Lines from the one holding "Kınık ve Ova'da" through the end of the entries, inclusive, form the whole output; reproduce them exactly and omit pictures.

** The records **
..............................
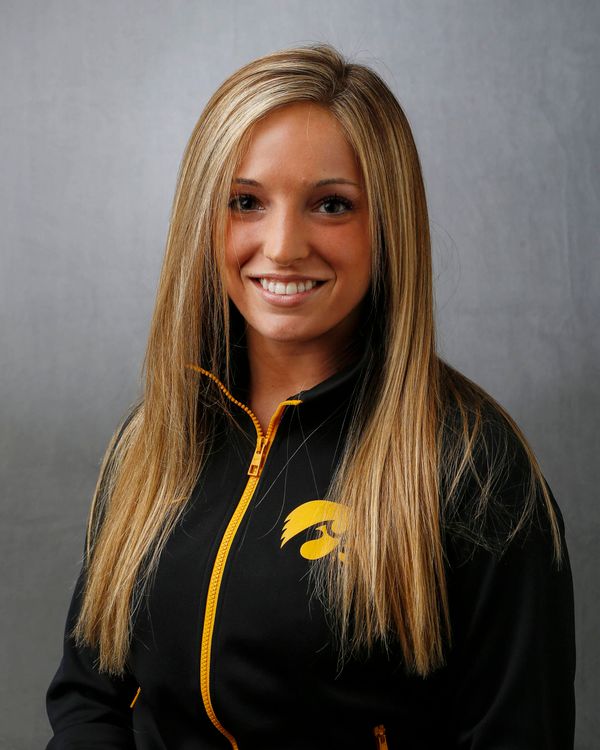 Caitlin Tanzer - Women's Gymnastics - University of Iowa Athletics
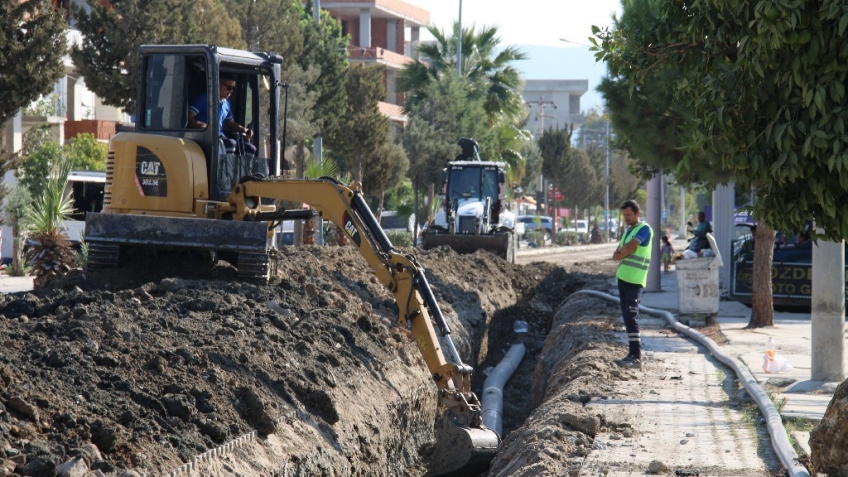 Kınık ve Ova'da 40 yıllık içme suyu hattı yenileniyor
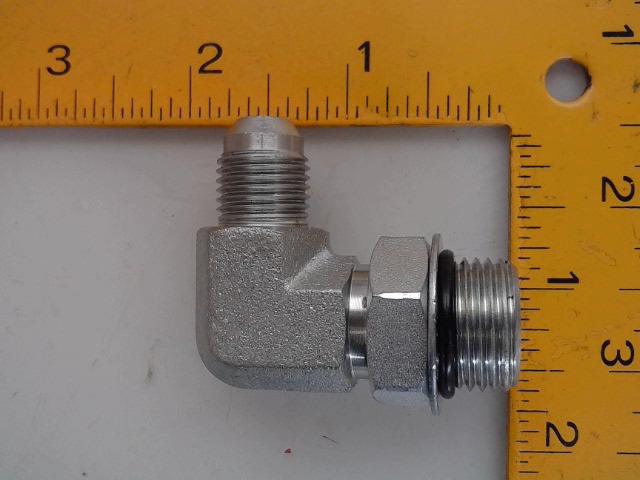 SN6935 Elbow for AGCO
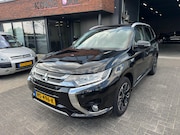 Mitsubishi Outlander - 2.0 PHEV Executive Edition CAMERA CRUISE LEDER TREKHAAK FACT
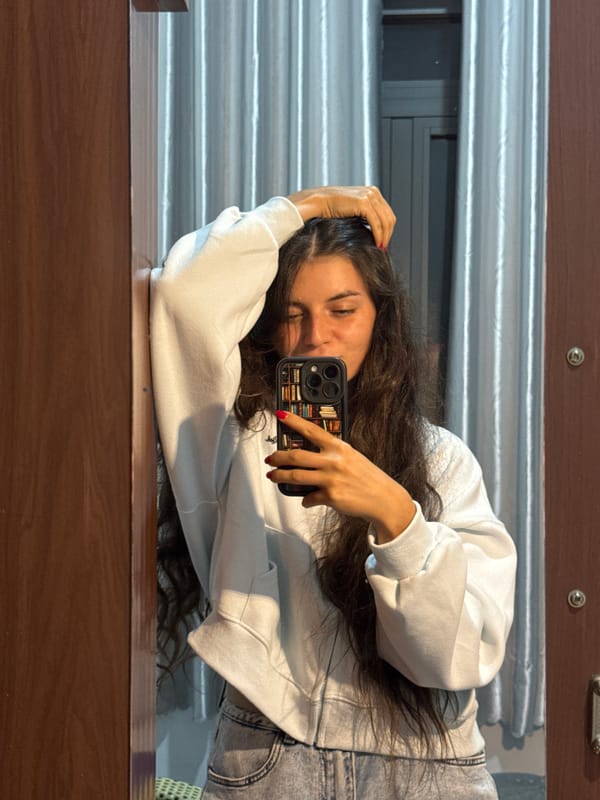 Selfies and a kitten in a Mũi Né room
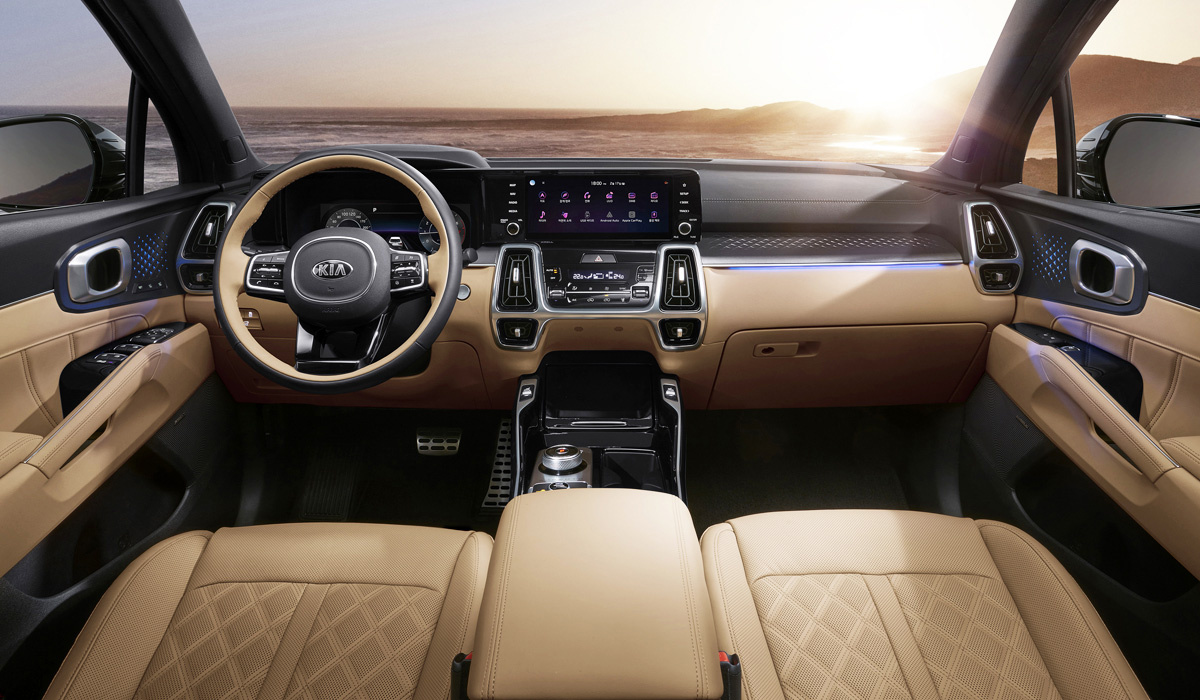 Официальные фото салона нового кузова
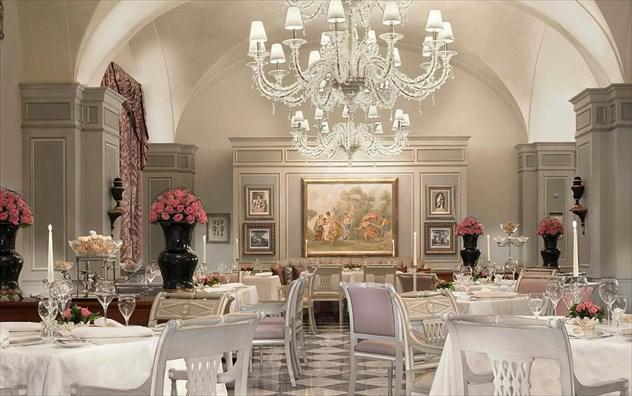 Il Palagio, Ξενοδοχείο Four Seasons, Φλωρεντία Το Il Palagio με επικεφαλής σεφ τον Vito Mollica, βραβευμένο με αστέρι Michelin το 2011, προσφέρει ένα μενού που επικεντρώνει σε παραδοσιακά πιάτα,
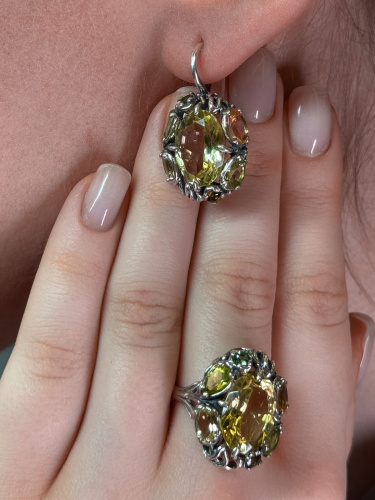 Серебряное кольцо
..............................
** Response to this exercise **
 Kınık ve Ova'da 40 yıllık içme suyu hattı yenileniyor
 SN6935 Elbow for AGCO
 Mitsubishi Outlander - 2.0 PHEV Executive Edition CAMERA CRUISE LEDER TREKHAAK FACT
 Selfies and a kitten in a Mũi Né room
 Официальные фото салона нового кузова
 Il Palagio, Ξενοδοχείο Four Seasons, Φλωρεντία Το Il Palagio με επικεφαλής σεφ τον Vito Mollica, βραβευμένο με αστέρι Michelin το 2011, προσφέρει ένα μενού που επικεντρώνει σε παραδοσιακά πιάτα,
 Серебряное кольцо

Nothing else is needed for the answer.